The southeastern United States experienced tragedy at the start of the week as a result of pipeline explosion in Helena, Alabama, that killed one person and left five injured.
The hot, dry weather contributed to the explosion and fire. A large plume of flame and smoke arose from the area of the explosion. The Alabama Emergency Management Agency said a temporary flight restriction is in effect for the area around the explosion.
The pipeline explosion occurred at a time when much of the Southeast continued to face stifling heat and dry weather. Birmingham, located 20 miles from Helena, tied or broke a record high six times during October and is likely to end up with no measurable precipitation for the month.
Air Support was dispatched to provide bird's eye view of gas line fire. pic.twitter.com/uHmScvGND9— Jeff Co Sheriff (@JeffCoSheriff) November 1, 2016
There have been more 1,000 wildfires in the state since Oct. 1, according to the Alabama Forestry Commission (AFC). Two of which ignited as a result of the pipeline explosion and burned 31 acres of land according to the AFC.
This week, the Chicago Cubs took home the 2016 World Series after a timely 17-minute rain delay.
The seventh and final game was played in Cleveland, Ohio, on Wednesday night. The final game was marked by a rain delay and unusually warm weather.
The temperatures remained in the upper 60s F for much of Game 7, which is about 20 degrees above average in northern Ohio for early November.
Other parts of the United States also experienced record-breaking high temperatures on Wednesday.
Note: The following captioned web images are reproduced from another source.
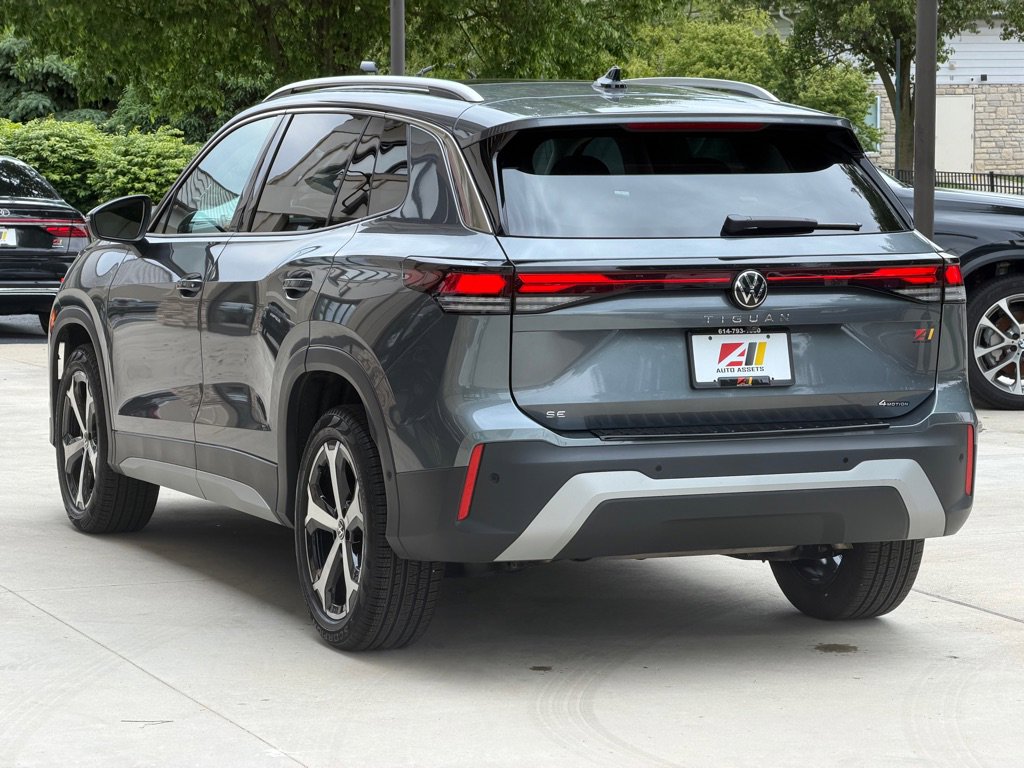 Used 2025 Volkswagen Tiguan SE AWD/4WD image 8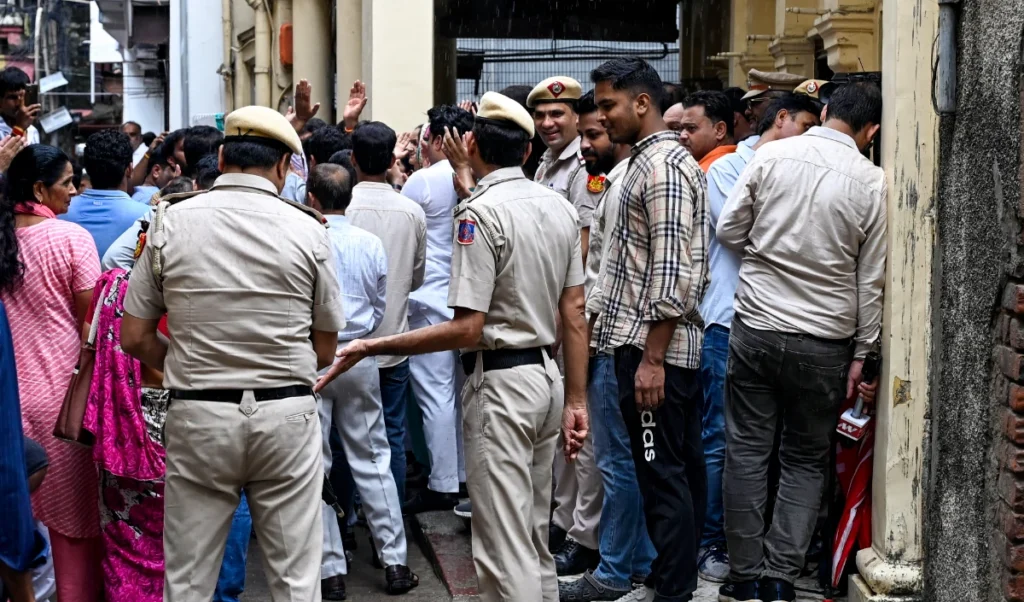 ED Raid Uttar Pradesh! सपा के पूर्व विधायक दीप नारायण सिंह यादव के ठिकानों पर छापेमारी, लखनऊ और झांसी में ED की रेड से हड़कंप ED Raid Uttar Pradesh! सपा के पूर्व विधायक दीप नारायण सिंह यादव के ठिकानों पर छापेमारी, लखनऊ और झांसी में ED की रेड से हड़कंप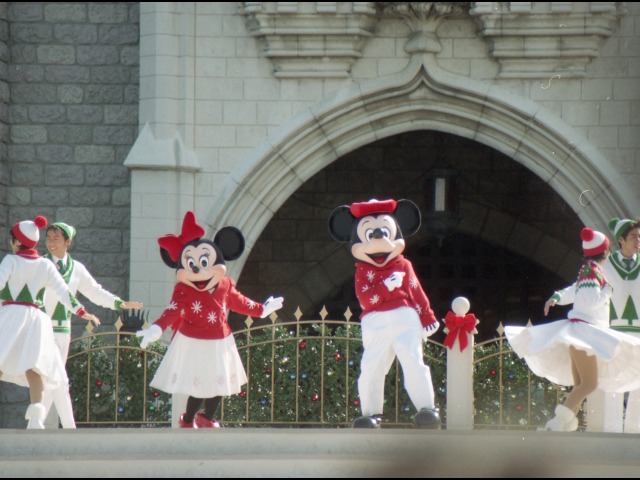 ミニーとミッキー（ミッキーのクリスマスプレゼント）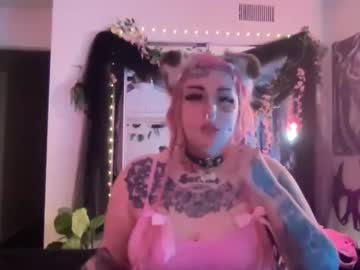 Hell0kittyblood Chaturbate stream image from April 03, 2025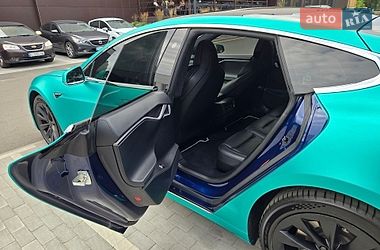 Лифтбек Tesla Model S 2018 в Киеве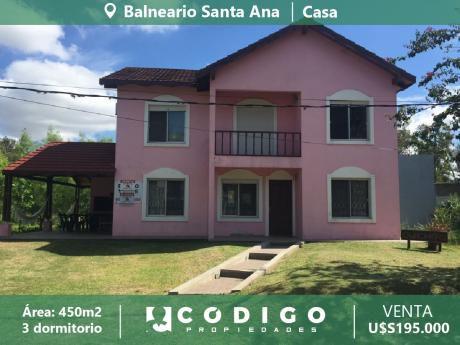 Hermoso Chalé De 3 Dormitorios, Sala De Juegos En Colonia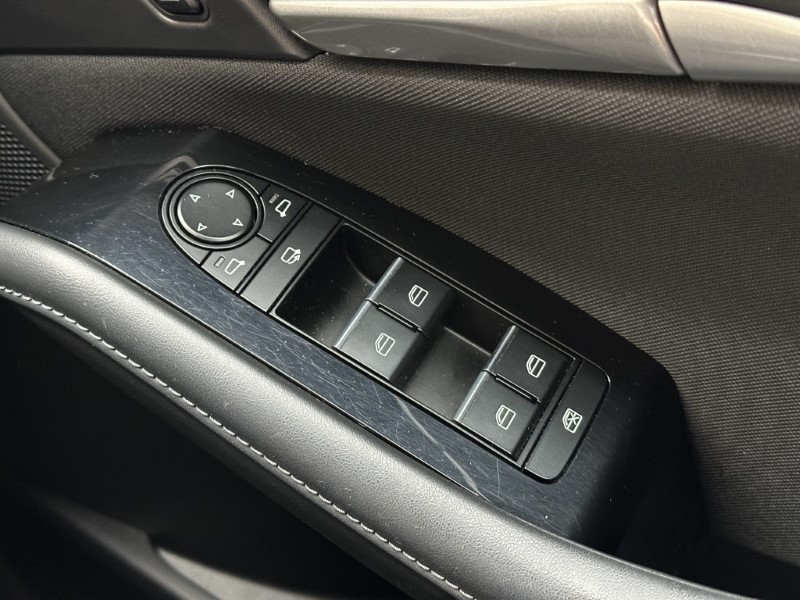 2022 (22) MAZDA CX-30 2.0 e-Skyactiv G MHEV SE-L 5dr 5040742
McCallen, Texas, set a record of 98, smashing a previous record of 93. This also tied the all-time record for November, just the previous day.
New Orleans set a record of 88 on Wednesday, breaking the previous record of 85. This also set the all-time record for November, breaking the record of 87 set on Nov. 1, 1997, and tied on Nov. 1, 2016.
Meanwhile, Italy was reeling from the aftermath of the 6.6-magnitude earthquake, which struck on Sunday, Oct. 30.
The earthquake was the strongest to hit Italy since 1980, it damaged numerous buildings and injured dozens of people. The quake displaced approximately 15,000 residents across Italy.
"Everything has been destroyed. The towns no longer exist," Aleandro Petrucci, the mayor of Arquata del Tronto, said.